Properties of Convergents of Continued Fractions

Theorem

Let $n \in \N \cup \set \infty$ be an extended natural number.

Let $\sqbrk {a_0, a_1, a_2, \ldots}$ be a continued fraction in $\R$ of length $n$.

Let $p_0, p_1, p_2, \ldots$ and $q_0, q_1, q_2, \ldots$ be its numerators and denominators.

Let $C_0, C_1, C_2, \ldots$ be the convergents of $\sqbrk {a_0, a_1, a_2, \ldots}$.

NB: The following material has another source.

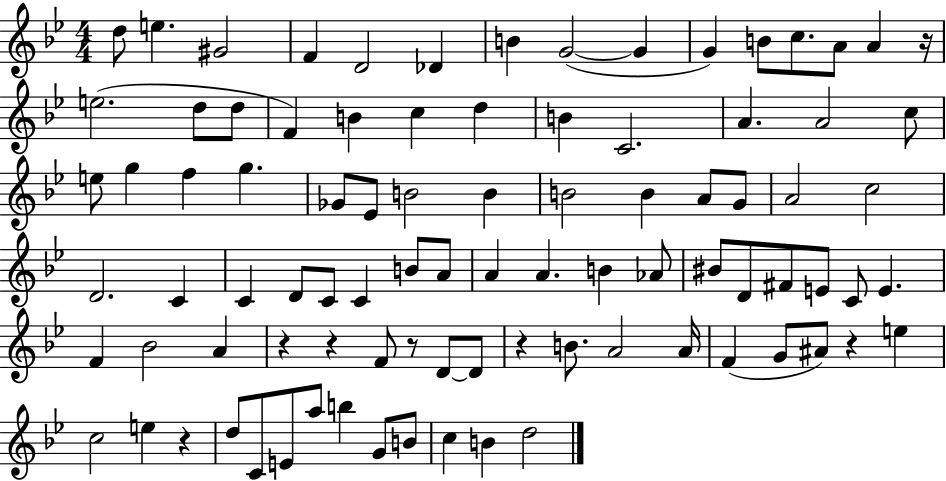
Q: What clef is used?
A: treble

Then the following results apply:

Then for $k \ge 1$:

$p_k q_{k - 1} - p_{k - 1} q_k = \paren {-1}^{k + 1}$

That is:

$C_k - C_{k - 1} = \dfrac {p_k} {q_k} - \dfrac {p_{k - 1} } {q_{k - 1} } = \dfrac {\paren {-1}^{k + 1} } {q_k q_{k - 1} }$

Difference between Adjacent Convergents But One

For $k \ge 2$:

$p_k q_{k - 2} - p_{k - 2} q_k = \paren {-1}^k a_k$

That is:

$C_k - C_{k-2} = \dfrac {p_k} {q_k} - \dfrac {p_{k - 2} } {q_{k - 2} } = \dfrac {\paren {-1}^k a_k} {q_k q_{k - 2} }$

Simple continued fractions

Let $\sqbrk {a_0, a_1, a_2, \ldots}$ be a simple continued fraction in $\R$ of length $n$.

Convergents are Rationals in Canonical Form

For all $k \ge 1$, $\dfrac {p_k} {q_k}$ is in canonical form:

$p_k$ and $q_k$ are coprime
$q_k > 0$.

Even convergents are strictly increasing

The even convergents satisfy $C_0 < C_2 < C_4 \cdots$.

Odd convergents are strictly decreasing

The odd convergents satisfy $C_1 > C_3 > C_5 > \cdots$

Even convergents are smaller than odd convergents

Every even convergent is strictly smaller than every odd convergent.